RCBC chief calls report malicious, orders probe
“Malicious and actionable.”
That was how Lorenzo Tan, Rizal Commercial Banking Corp. (RCBC) president and CEO, described the “insinuations” that the top management of the financial giant—controlled by Chinese-Filipino tycoon Alfonso Yuchengco—was aware of multimillion-dollar transactions that were later suspected to be part of an international money-laundering scheme.
In a press statement issued Wednesday, Tan said that he would “fully cooperate with all ongoing inquiries” and he
believed that he and the bank’s management would be fully vindicated.
“I condemn as malicious and actionable insinuations that the top management of the bank knew of and tolerated alleged money laundering activities in one branch,” he said, referring to the $81-million international wire transfer made to the bank’s Jupiter Street branch in Makati City on Feb. 5.
The funds were converted into pesos by the bank’s foreign exchange partner and then moved to the bank accounts of personalities linked to the local casino industry.
Sources told the Inquirer that the some of the funds were then wired back overseas, including at least one bank in Hong Kong—all in a span of a few days.
Another $870 million in wire transfers was blocked after local banking regulators were alerted by foreign banks that approximately $1 billion went missing from the accounts of the Bangladesh central bank, due to an alleged computer hacking incident.
In his statement, the RCBC chief cited his experience and track record in the local financial services industry.
“I have been in the Philippine banking industry for 18 years, rebuilding banks, instituting
reforms in Philippine and Asian banking, creating products for the unbanked and providing capital to small entrepreneurs,” he said.

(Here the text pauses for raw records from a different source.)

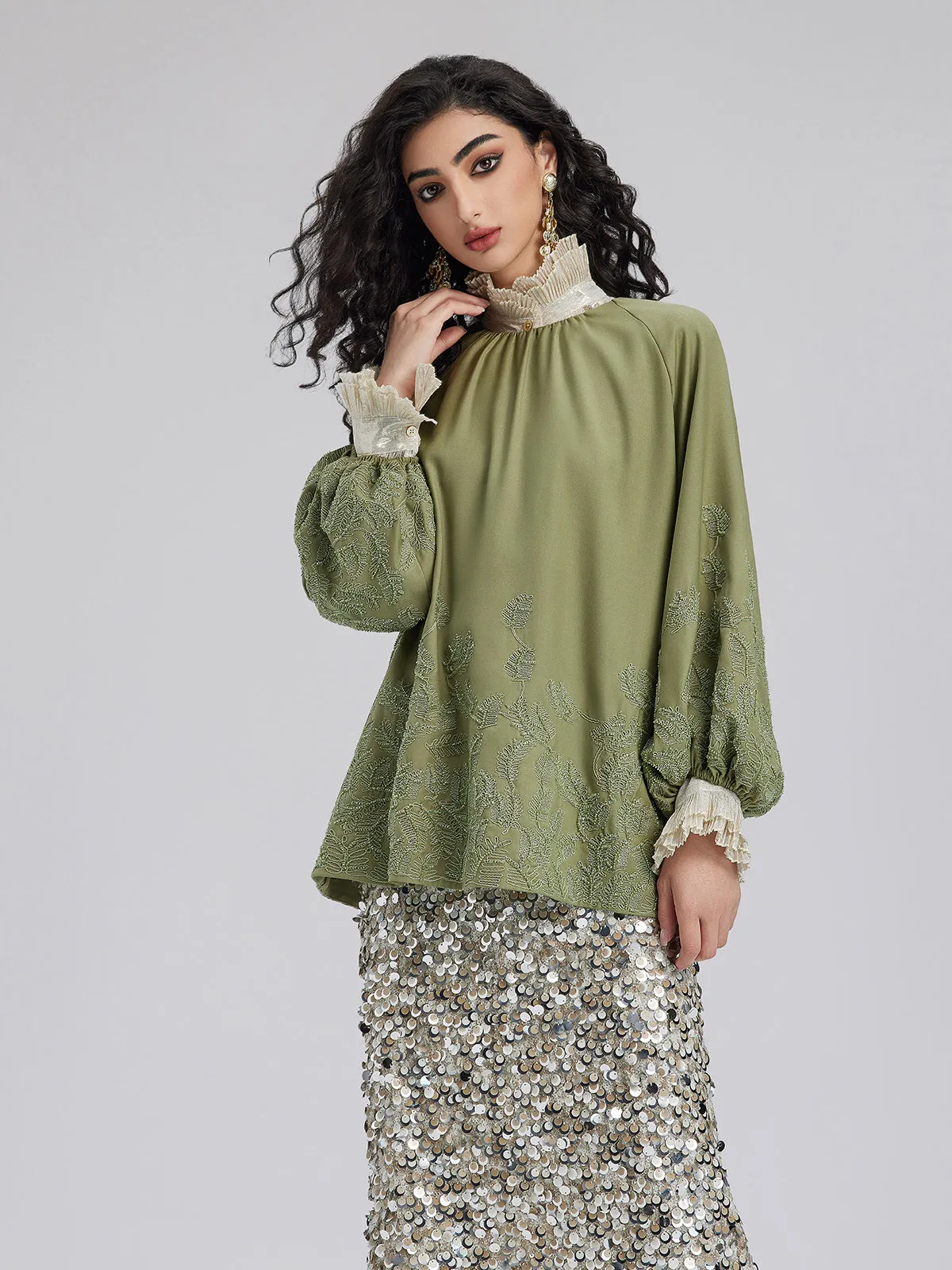 Green Beaded Embroidered Top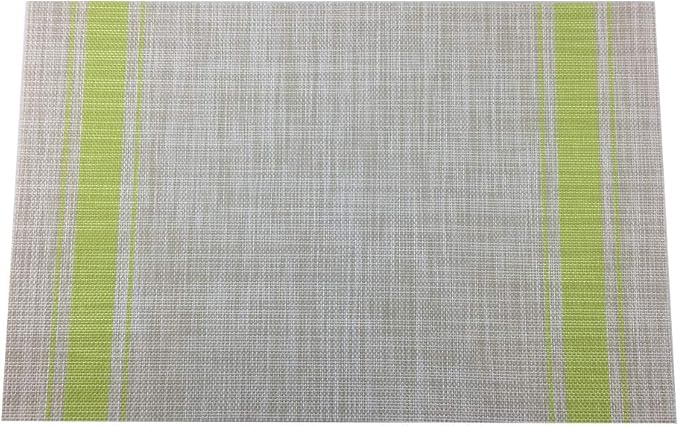 Gugrida Luxury Green Placemats Set of 6 Crossweave Woven Vinyl Placemat for Dining Table Kitchen Table Mats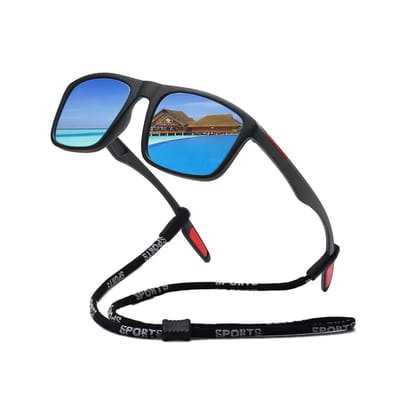 UV 400 Zonnebril met Koord - Gepolariseerde Glazen - Spiegelglas - Blauw - Sport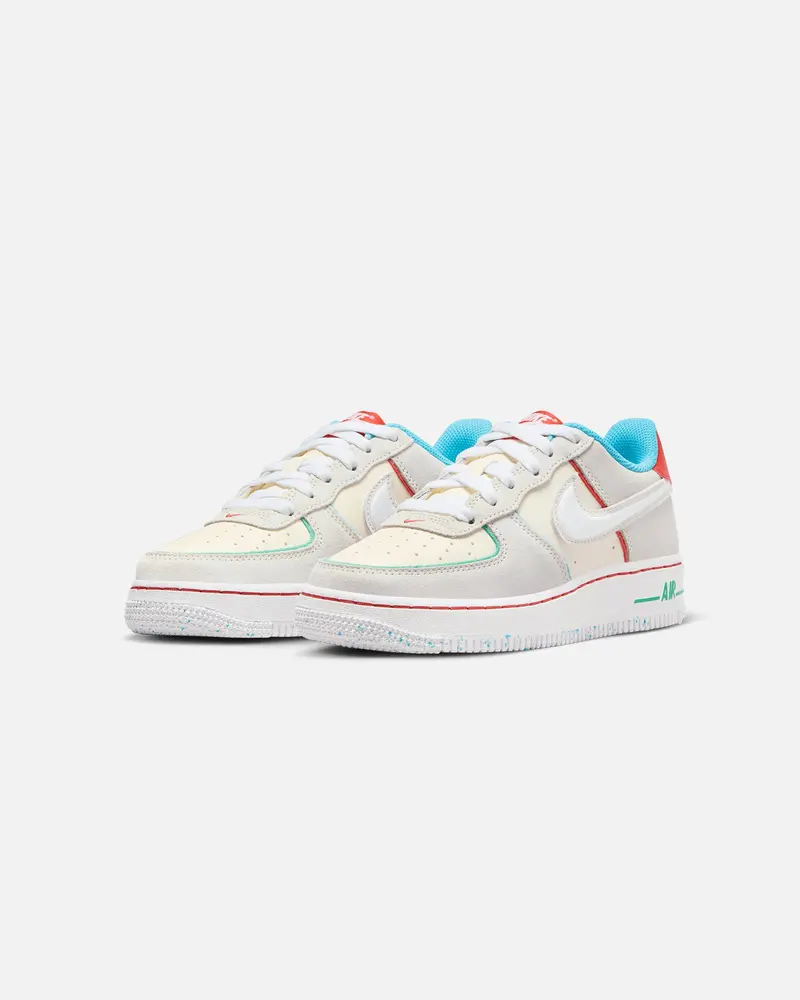Nike Kids' Air Force 1 Lv8 2 Bg Hd "Holiday Cookies" (Gs) Pale Ivory/White 2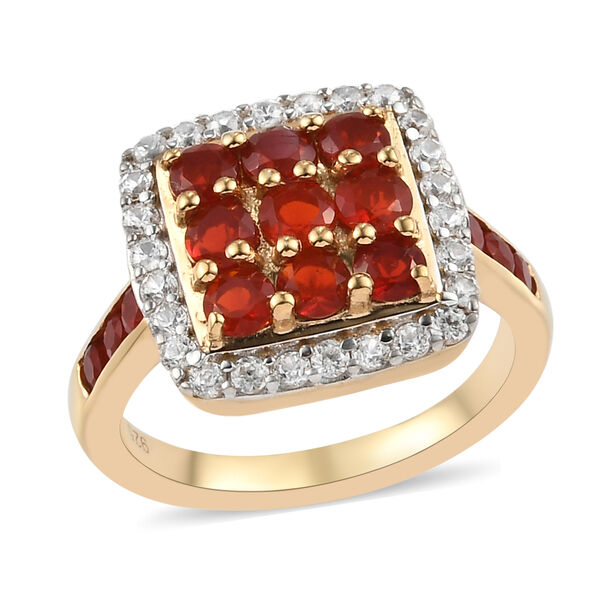 Mexikanischer Kirschfeuer-Opal und Zirkon Ring 925 Silber 585 Vergoldet image number 4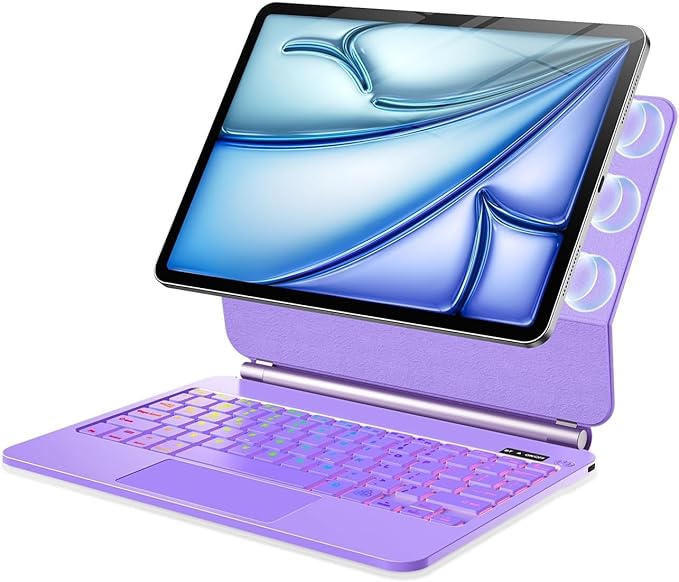 Keyboard Case for iPad Air 13 inch (M2, 2024),iPad Pro 12.9 inch (3/4/5/6th Gen) Magic Magnetic - Easy-Set Floating Cantilever Stand, Multi-Touch Trackpad Backlit Keyboard Case for iPad Air 13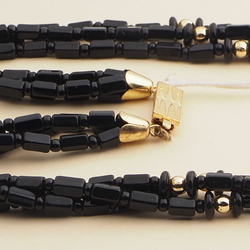 Vintage Czech 3 strand necklace black rondelle pentagon glass beads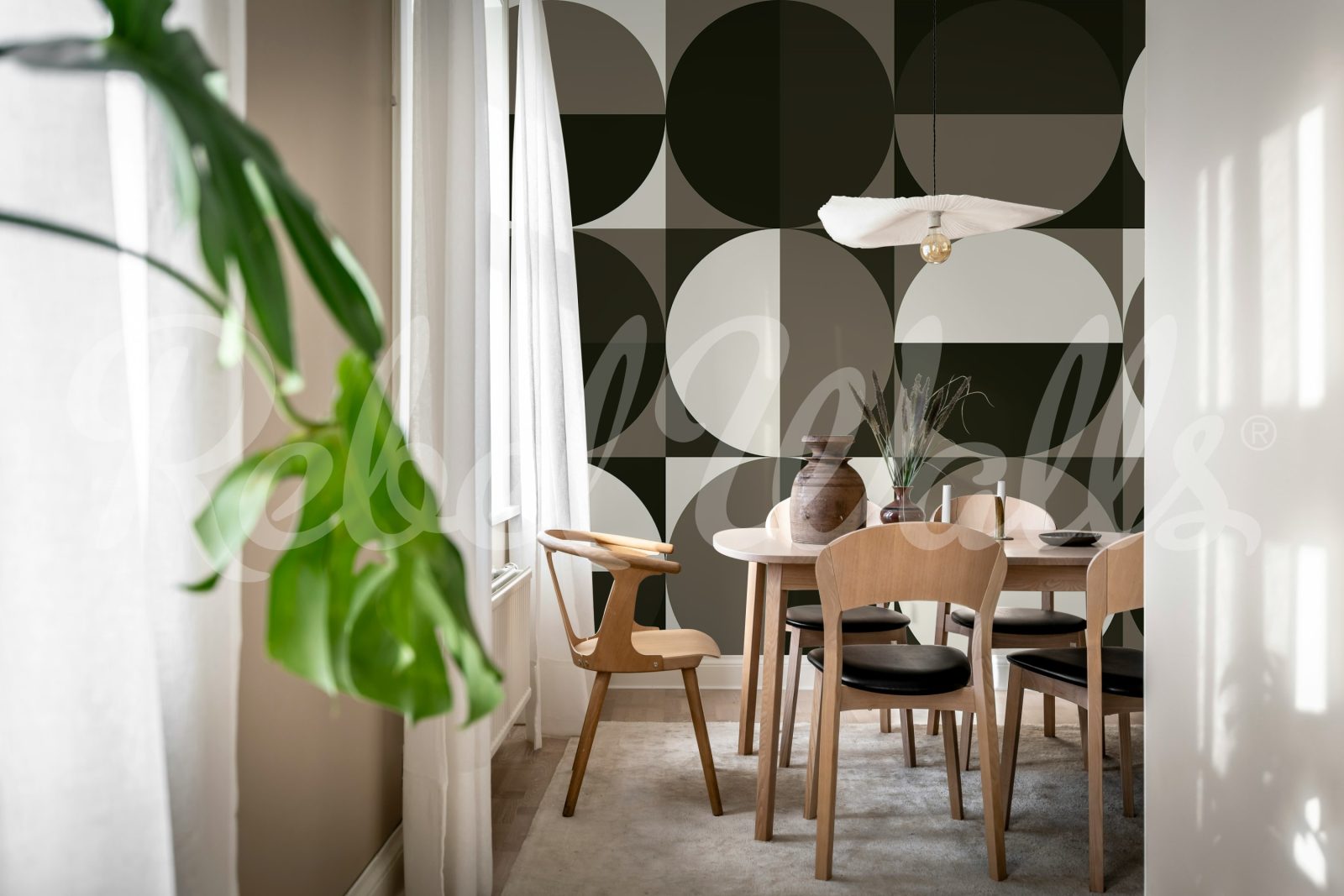 Circle Grid, Brown, Rebel Walls 2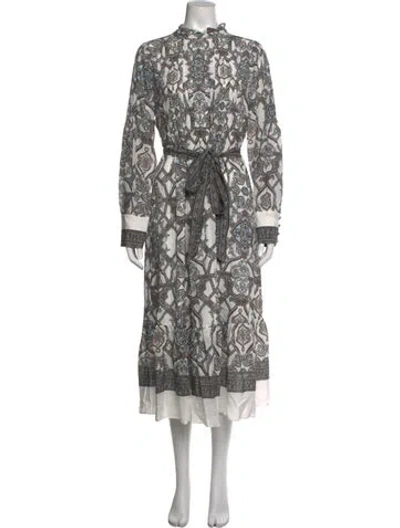 Pre-owned Marie Oliver Silk Long Dress In Neutrals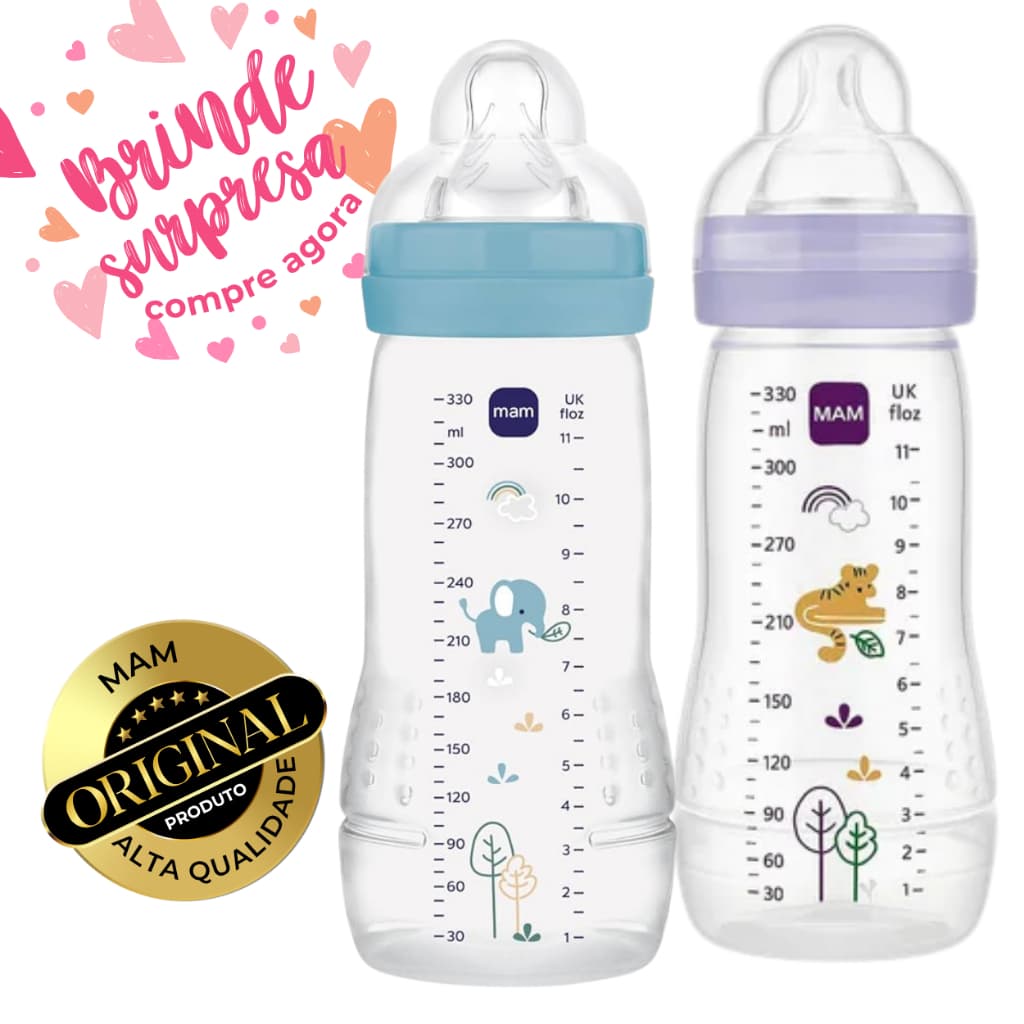 Mamadeira Mam Easy Active 330ml Azul e Lilás - Novas Cores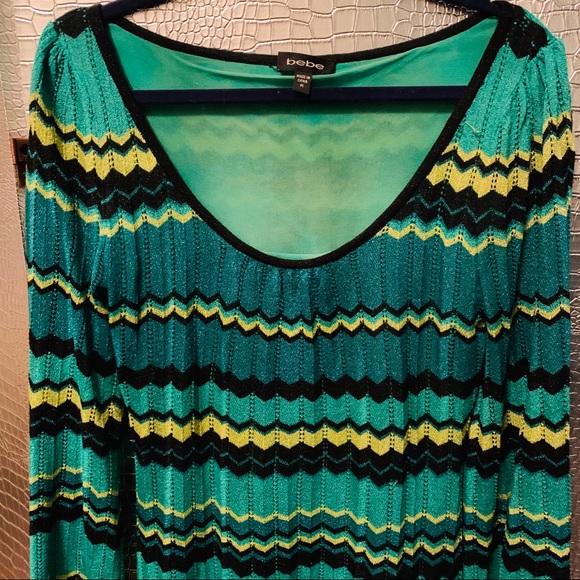 BEBE Green Gold Black Metallic Knit Mini Dress M - Picture 2 of 8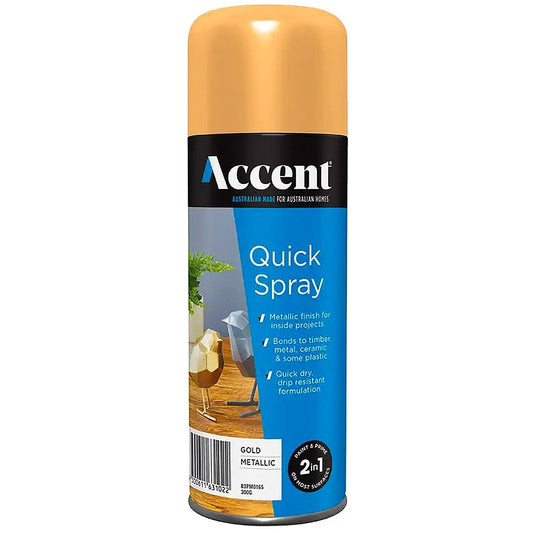 Spray Paint Can 300g Metallic Gold 2in1 Gloss Enamel Wood Metal Plastic Int&Ext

Tan added: “My track record is unblemished and even counts positions of trust, such as head of the Bankers Association of the Philippines and the Asian Bankers Association.”
Jupiter Street branch
RCBC itself issued a statement saying it was investigating the large dollar deposit in question at its Jupiter branch “and the subsequent transactions thereon.”
The RCBC corporate vice chair, Cesar E.A. Virata, assured the public that “the bank is cognizant of its bank secrecy obligations and will at all times maintain confidentiality of its accounts.”
“RCBC and its principal shareholders—the Yuchengco family, Cathay Life (the largest life insurance company in Taiwan) and IFC (the investment arm of the World Bank)–are fully committed to comply with all banking laws and regulations, in particular those on money laundering,” Virata said in his statement.
“The bank has timely submitted the required reports to the AMLC and will cooperate with government regulators,” he added. “The bank investigation will involve a committee appointed by the board, assisted by SGV and external counsel.”
The bank, according to Virata, will issue subsequent reports and statements as the investigation progresses.